Deja Vu All Over Again

History doesn’t repeat itself, but the machinations of big-government politicians are vexingly repetitious. Perhaps nothing better illustrates the plus ca change, plus ca meme chose character of statist politics than the crusade for a global climate treaty.

Back in the 1970s, President Carter and other Malthusian prognosticators warned that mankind was exhausting the resources on which civilization depends. To save us from our “fuelish” ways, politicians and bureaucrats restricted people’s access to affordable energy through price controls, rationing, and auto fuel economy mandates. The results were dismal – stagflation, gas lines, “malaise,” and thousands killed on America’s highways.

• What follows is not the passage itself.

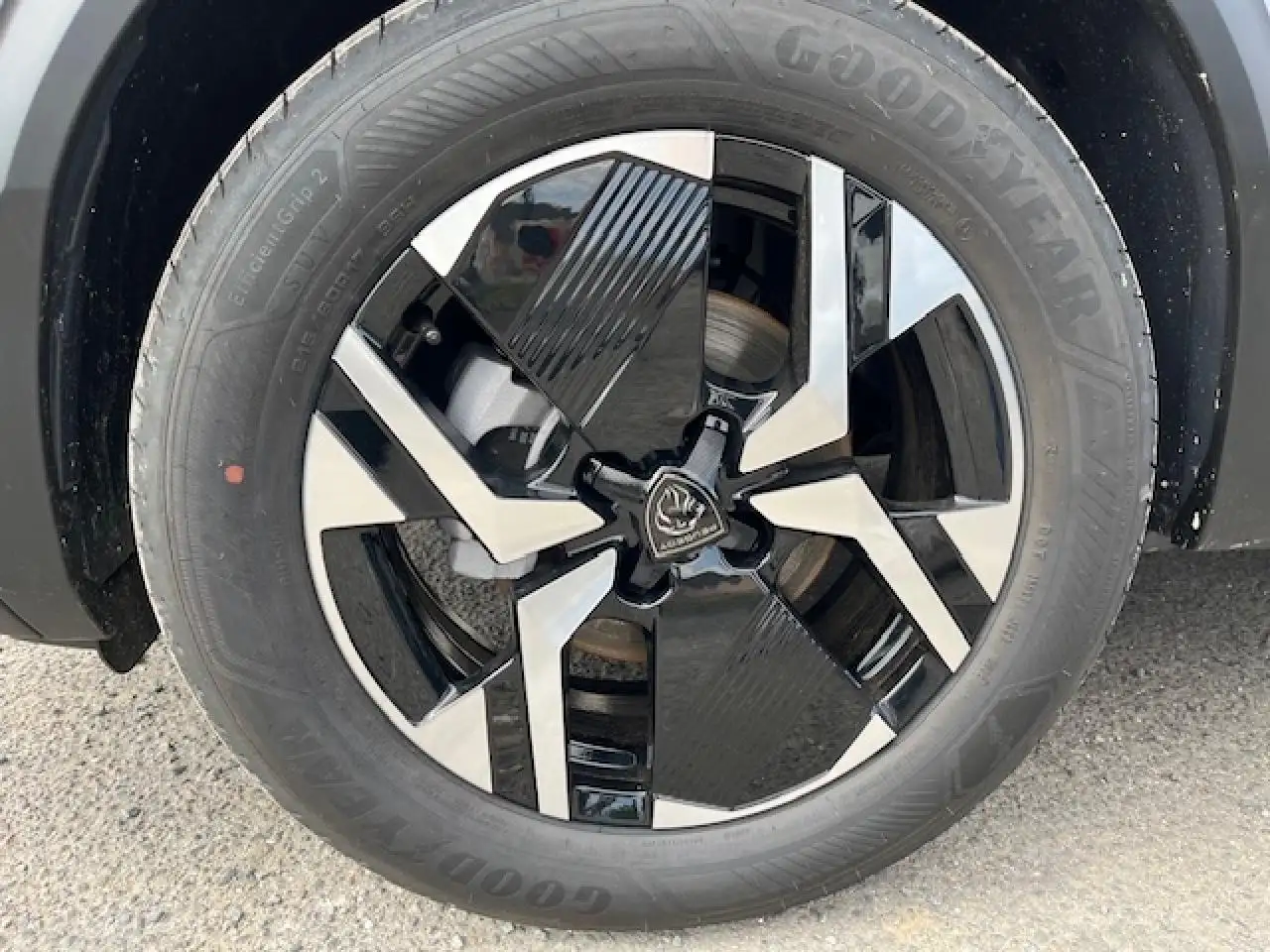 Peugeot 2008 2008 — photo 28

Today, of course, we know the energy depletion scare was a myth. Far from the world running out of fossil fuels, with oil prices soaring to $100 per barrel or more, as Carter-era Cassandras prophesied, proven reserves now exceed 500 years, with oil selling for about $10 a barrel. Further increases in supply are expected as extraction technologies improve.

That, however, is precisely what drives today’s Malthuseans up the wall. The problem now, they contend, is “cheap” energy – a world awash in fossil fuels. But their “solution” remains unchanged – put energy markets under political management, impose rationing, tighten fuel economy mandates.

Throughout the 1980s, the UN’s “global governance” crowd, blaming Western capitalism for Third World poverty, called for massive wealth transfers from nations of the industrial “North” to countries of the non-industrial “South.” This socialist scam lives on in climate change diplomacy. Developing countries are demanding reparations for whatever losses they may suffer from global warming. And under President Clinton’s emissions trading proposal, U.S. firms wishing to use more energy than their allotted quota would have to purchase the rights from countries like China, Mexico, and Iran.

But we need not delve into “ancient” history to put the climate treaty in perspective. In 1993-94, Clinton tried to frighten Americans with a bogus health care “crisis.” Today he attempts to scare them with an imaginary climate crisis. Then, the solution was ClintonCare – a Rube Goldberg morass dressed up in the rhetoric of markets, flexibility, and innovation. Now, the solution is ClimateCare – an even more audacious power grab decked out in the same deceptive rhetoric.

When Americans realized that the health care system wasn’t broken, and saw that ClintonCare was a plan to bureaucratize one-seventh of the economy, they retaliated at the polls, demoting the President’s party in Congress to minority status for the first time in forty years.

This suggests that the climate treaty is eminently defeatable. To begin with, the climate isn’t broken. According to NOAA, the U.S. has experienced no significant warming trend over the past 100 years!

More importantly, the climate treaty is a transparent attempt to replace self-government and economic liberty with “global goverance” and central planning. Americans don’t relish the rule of unaccountable bureaucrats here at home. How hard should it be to persuade them to reject this lastest UN-inspired assault on their prosperity, freedom and sovereignty?